> [Task goal]:
The expected output is each line from the one containing "Halmstads Sadat Karim jublar" to the last line of the data below, set down exactly, minus the pictures.

*** Material shown ***

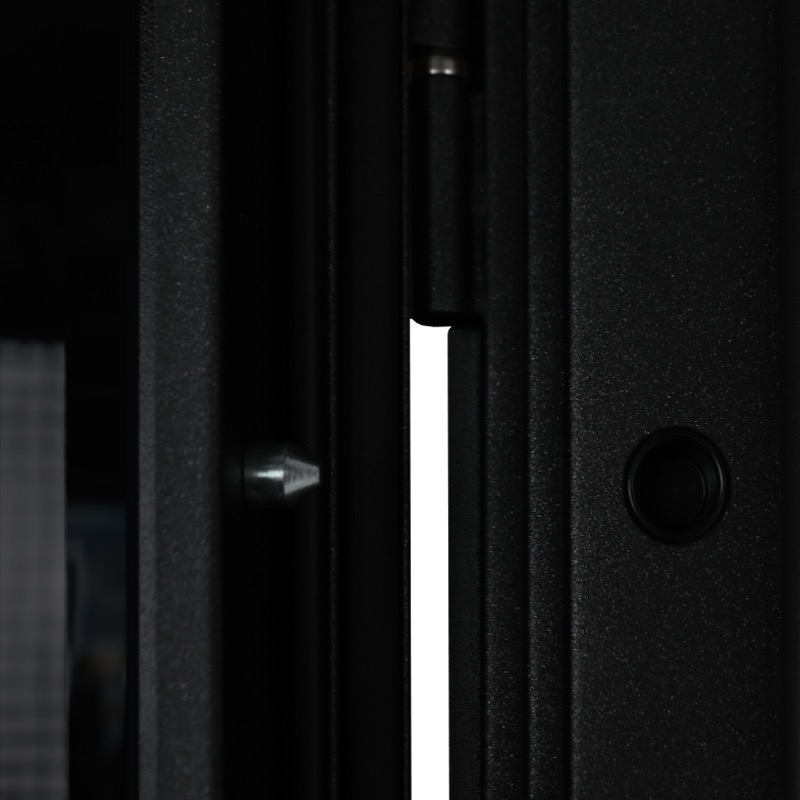 Стальная дверь «Сенатор» с зеркалом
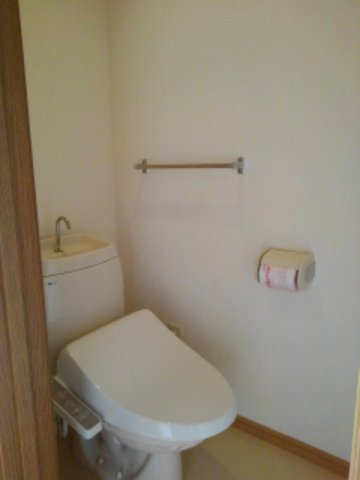 トイレ　シンプルで使いやすいトイレです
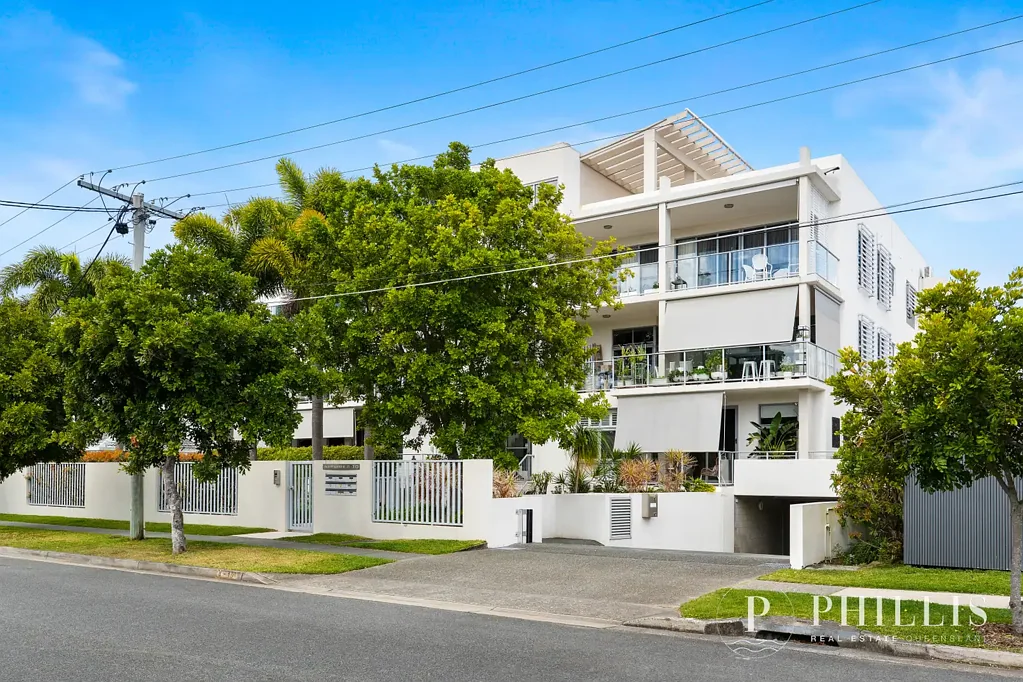 Paradise Point 3 Bedroom Spacious 3 Bedroom Apartment With Broadwater Views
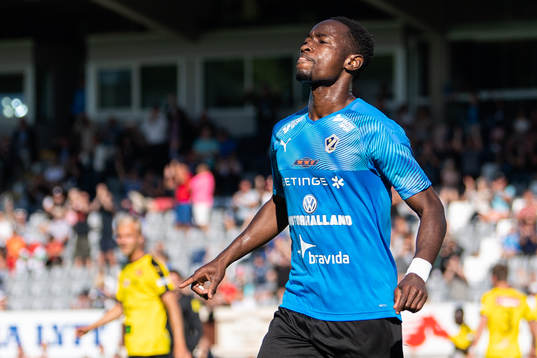 Halmstads Sadat Karim jublar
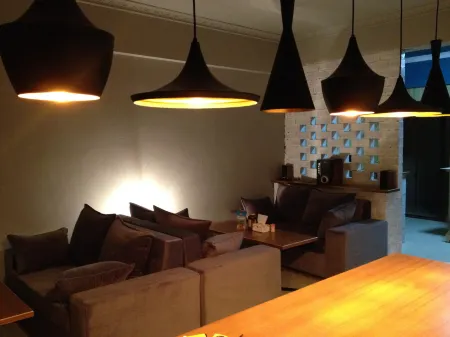 Qike Youth Hostel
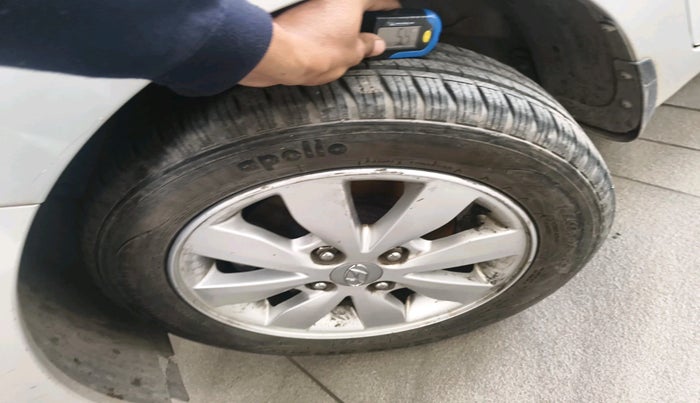 2015 Hyundai Xcent SX 1.2, Petrol, Manual, 1,05,460 km, tyre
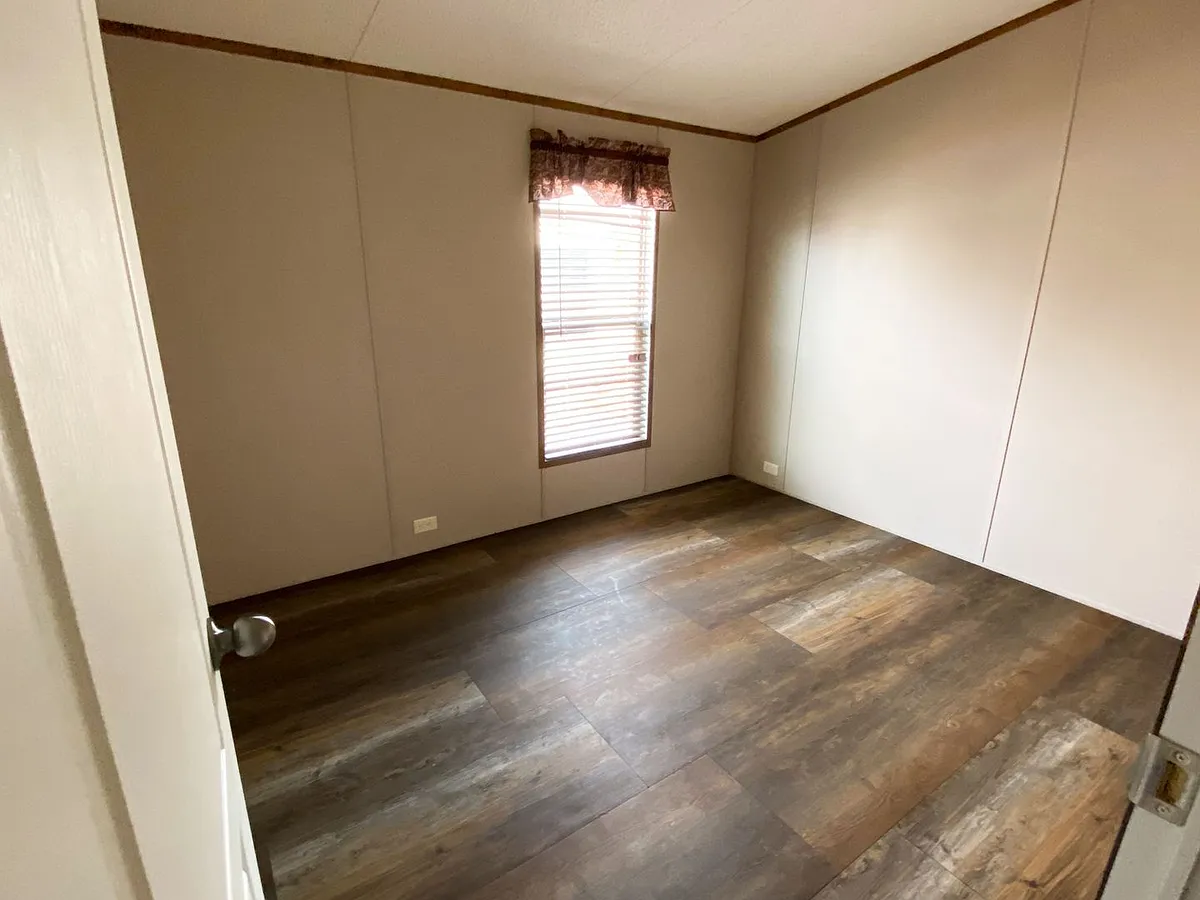 Building Photo - 3900 Lenore Dr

*** End of Material shown ***

> [Answer below]:
 Halmstads Sadat Karim jublar
 Qike Youth Hostel
 2015 Hyundai Xcent SX 1.2, Petrol, Manual, 1,05,460 km, tyre
 Building Photo - 3900 Lenore Dr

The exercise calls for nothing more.